The program should write an error if the user enters a fraction or decimal number

int a; if (int (a) == double (a)){ cout<<"error"; }

For example user

  • entered the number 3 program it (skips)

  • 3.2 then wrote (error)

  • We'll have to get the data as a string and analyze it - vp_arth
  • In which locale do you have 3,2 decimal? - vp_arth
  • What if the user enters a string? - TigerTV.ru

4 answers 4

For a single case, as you described:

 cin >> a; if (char(cin.peek()) == '.') cerr << "error\n";

But I will add on my own complexity.
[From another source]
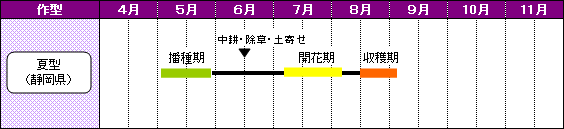 静岡県のあずきの栽培暦-夏型（静岡県）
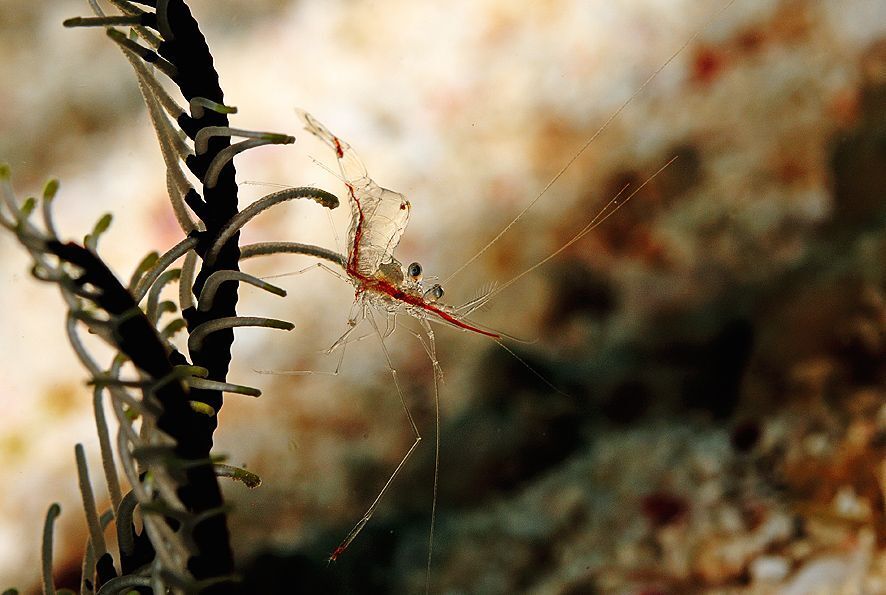 Philippines. Shrimps.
It is better to make enter until a whole is entered:

 int a{}; while(true) { cin >> a; if (char(cin.peek()) == '.') { //если после целого есть точка cerr << "error\n"; cin.ignore(); // пропускаем точку cin >> a; // читаем дробную часть } else break; } cout << "a == " << a;

Update:

Or if we want to pass a number as a function argument:

 #include <iostream> #include <sstream> using namespace std; void get_int(double d) { int a{}; char c = '#'; stringstream stream; stream << d; stream >> a >> c; if (c != '#') { cerr << "error\n"; return; } cout << a << endl; } int main() { get_int(4.5); // error get_int(8.3); // error get_int(5); // 5 return 0; }

    Try this:

     #include <iostream> #include <сmath> using namespace std; int main() { int i; double d; cin >> d; i = d; if (abs(d - i) > 0.000001) cout << "error" << endl; }
    • one
      Well, the option is to enter 3.0000000000000000000001 :) - ideone.com/E2ZwlD Or, the second option - as the author wanted - 3,2 (see for yourself) ... - Harry
    • one
      Again - after your correction: ideone.com/hFuhc1 You see, the author gave a fuzzy TK. With this TK result - HZ ... - Harry
    • yes, incorrect input will not help - Kto To
    • does not work (( - user262343
    • @ leocoolguy0: Try to enter 3.2 - TigerTV.ru

    Little modified version of "Kto To":

     #include <iostream> #include <string> int main() { using namespace std; int i; double d; string m; getline(cin,m); const char *p = m.c_str(); i = stoi(p); d = atof(p); if (d!=i) cout << "error" << endl; return 0; }

    Compilation:

     g++ -std=c++11 main.cpp

      Get the string and look for a point in the comments is advised. If there is, then fractional. It seems that this is exactly how the compiler parser works, so the ".8" ​​entry makes sense. You can first replace the comma with a period and then analyze. Or vice versa.